Filtering data with bloom filters and rust
Filtering large data sets efficiently is a common problem, think about the following scenario: we have a large collection of text documents, and we want to see which ones are present in our database and which ones are not.
One way to do this would be to simply run a query on the database and find which documents are missing. But this approach potentially puts a lot of load on the database.
Consider the size of the problem, what if we have one million documents to check, and only five of these actually end up being found? We ended up running a massive select query on the database.
A naive solution
If we have control over the way the documents are added to the database, one potential solution could be to also add the documents to a set, perhaps backed by a hashtable, while adding them to the database.
This way when we later run queries against the database, we could first consult the hashset and filter out the documents which are not found in there, our previous query would now whittle down to just the five documents out of a million which were missing in the database (and therefore missing in the set).
However we now run into another problem, the set is going to be quite large, and is going to live entirely in memory. In effect, we have recreated a subset of the columns of the database in the memory.

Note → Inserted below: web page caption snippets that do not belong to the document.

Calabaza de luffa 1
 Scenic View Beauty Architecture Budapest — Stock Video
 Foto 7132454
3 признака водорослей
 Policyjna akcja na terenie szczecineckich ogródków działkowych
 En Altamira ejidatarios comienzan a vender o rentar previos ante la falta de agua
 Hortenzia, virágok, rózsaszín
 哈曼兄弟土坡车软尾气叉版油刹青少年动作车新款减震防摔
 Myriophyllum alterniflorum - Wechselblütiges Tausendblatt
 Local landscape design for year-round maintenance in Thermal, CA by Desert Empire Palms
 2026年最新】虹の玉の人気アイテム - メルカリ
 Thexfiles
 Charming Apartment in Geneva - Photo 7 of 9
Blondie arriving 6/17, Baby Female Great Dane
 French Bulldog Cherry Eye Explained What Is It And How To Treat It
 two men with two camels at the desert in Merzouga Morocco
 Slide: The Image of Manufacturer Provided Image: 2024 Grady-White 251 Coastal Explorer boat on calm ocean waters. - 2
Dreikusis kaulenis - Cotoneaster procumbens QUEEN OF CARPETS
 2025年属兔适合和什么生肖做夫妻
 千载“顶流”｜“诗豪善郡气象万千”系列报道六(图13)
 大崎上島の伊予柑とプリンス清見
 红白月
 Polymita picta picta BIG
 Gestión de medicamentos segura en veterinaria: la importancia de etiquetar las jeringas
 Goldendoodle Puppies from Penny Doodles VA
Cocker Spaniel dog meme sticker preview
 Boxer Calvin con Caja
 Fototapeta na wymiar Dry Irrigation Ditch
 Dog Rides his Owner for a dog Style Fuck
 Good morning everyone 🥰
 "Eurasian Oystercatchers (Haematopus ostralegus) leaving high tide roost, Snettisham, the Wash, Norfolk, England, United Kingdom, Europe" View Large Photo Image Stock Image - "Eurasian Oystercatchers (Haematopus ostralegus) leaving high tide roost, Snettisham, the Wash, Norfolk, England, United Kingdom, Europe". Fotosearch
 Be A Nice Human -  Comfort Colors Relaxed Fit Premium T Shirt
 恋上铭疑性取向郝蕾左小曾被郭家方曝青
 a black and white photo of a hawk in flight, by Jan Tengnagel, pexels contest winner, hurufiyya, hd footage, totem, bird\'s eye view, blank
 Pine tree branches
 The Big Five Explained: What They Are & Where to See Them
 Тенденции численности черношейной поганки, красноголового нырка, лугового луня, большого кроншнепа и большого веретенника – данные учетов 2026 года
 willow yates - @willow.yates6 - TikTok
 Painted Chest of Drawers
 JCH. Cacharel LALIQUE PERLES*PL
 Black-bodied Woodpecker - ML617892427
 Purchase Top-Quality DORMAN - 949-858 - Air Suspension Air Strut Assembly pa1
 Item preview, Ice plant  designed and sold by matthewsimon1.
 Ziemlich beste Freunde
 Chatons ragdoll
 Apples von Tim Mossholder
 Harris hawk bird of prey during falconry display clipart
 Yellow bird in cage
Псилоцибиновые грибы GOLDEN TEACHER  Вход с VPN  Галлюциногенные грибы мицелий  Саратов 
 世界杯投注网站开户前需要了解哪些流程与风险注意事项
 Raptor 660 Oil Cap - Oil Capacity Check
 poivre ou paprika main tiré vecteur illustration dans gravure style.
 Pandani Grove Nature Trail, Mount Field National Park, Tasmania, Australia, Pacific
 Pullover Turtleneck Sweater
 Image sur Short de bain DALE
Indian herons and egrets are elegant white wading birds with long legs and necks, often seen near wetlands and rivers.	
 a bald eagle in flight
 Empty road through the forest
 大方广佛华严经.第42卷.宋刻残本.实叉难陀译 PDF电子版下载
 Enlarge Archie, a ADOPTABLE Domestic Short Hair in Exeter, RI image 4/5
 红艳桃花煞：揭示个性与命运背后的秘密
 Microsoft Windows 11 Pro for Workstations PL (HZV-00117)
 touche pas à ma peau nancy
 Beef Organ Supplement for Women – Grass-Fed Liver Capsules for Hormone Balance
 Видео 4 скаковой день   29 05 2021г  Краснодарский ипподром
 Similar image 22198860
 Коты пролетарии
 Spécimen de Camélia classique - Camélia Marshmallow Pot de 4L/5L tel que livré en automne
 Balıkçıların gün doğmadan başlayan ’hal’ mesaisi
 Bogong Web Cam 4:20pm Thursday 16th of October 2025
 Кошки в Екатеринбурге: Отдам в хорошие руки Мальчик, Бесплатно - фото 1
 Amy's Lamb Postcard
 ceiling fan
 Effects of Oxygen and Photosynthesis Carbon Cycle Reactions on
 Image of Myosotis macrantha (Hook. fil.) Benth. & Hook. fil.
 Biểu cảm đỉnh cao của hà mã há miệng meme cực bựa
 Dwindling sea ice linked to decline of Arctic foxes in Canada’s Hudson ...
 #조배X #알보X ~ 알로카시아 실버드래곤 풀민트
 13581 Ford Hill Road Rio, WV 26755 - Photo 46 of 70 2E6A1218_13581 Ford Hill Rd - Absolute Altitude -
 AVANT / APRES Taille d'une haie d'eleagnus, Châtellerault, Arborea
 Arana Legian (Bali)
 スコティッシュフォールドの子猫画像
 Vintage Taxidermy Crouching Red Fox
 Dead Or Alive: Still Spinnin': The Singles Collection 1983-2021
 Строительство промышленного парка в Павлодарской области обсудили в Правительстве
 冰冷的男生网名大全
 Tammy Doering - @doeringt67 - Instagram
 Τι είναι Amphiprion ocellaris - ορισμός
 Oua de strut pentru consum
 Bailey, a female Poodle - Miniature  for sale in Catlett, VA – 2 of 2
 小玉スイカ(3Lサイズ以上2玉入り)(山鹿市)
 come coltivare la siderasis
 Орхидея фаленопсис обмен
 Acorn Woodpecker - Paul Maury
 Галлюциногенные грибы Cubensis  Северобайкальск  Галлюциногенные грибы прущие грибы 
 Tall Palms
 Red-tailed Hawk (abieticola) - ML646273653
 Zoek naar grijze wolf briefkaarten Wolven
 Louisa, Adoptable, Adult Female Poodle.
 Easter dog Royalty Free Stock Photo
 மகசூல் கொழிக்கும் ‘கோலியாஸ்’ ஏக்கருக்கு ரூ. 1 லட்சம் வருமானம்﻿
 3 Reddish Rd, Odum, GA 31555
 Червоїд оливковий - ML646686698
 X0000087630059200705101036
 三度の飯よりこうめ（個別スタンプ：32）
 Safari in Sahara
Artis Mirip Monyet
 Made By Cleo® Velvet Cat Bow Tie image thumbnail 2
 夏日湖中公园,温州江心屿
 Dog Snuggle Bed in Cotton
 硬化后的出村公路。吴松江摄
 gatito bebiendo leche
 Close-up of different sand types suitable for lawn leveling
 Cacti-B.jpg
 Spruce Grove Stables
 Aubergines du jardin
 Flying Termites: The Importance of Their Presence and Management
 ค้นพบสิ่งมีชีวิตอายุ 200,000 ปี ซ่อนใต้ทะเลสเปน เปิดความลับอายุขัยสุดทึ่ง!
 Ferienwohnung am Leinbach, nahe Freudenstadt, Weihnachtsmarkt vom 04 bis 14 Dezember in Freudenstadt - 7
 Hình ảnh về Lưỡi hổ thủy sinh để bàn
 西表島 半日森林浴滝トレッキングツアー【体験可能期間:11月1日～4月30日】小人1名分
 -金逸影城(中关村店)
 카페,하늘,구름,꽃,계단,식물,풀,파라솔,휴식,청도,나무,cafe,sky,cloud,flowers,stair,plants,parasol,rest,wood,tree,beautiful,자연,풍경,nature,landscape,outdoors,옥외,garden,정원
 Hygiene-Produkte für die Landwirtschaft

This could be very expensive in terms of memory used, depending on the number and size of documents.
Hashing, part 2
One other solution, also based on hashing, could be to maintain an array of bits, all of which are initialised to 0. While adding a document, we calculate its hash. Most hash functions return a large integer as the result. We could somehow map this integer to one of the indices in the bit array, and set that index to 1.
Now when we want to run the query against this data structure for a given document, we simply hash it again, calculate the index in the exact same way we did when adding it, and check if that bit is set or not. If it is set, this means that the document has been added earlier. If the bit is unset, we have not added this document before.
We now know which documents to filter out before hitting our database with a select query, and we also do not need to store the entire documents in memory, we can get away with simply storing a bit array which is quite small in comparison.
While this approach seems to solve our problems, there are a couple of issues here:
Collisions from the hashing algorithm
Hash functions may have collisions. While the chances of this happening are low and depend on the hashing algorithm used, if the problem size is large enough, we may run into this. Let’s look at what would happen in case of a collision.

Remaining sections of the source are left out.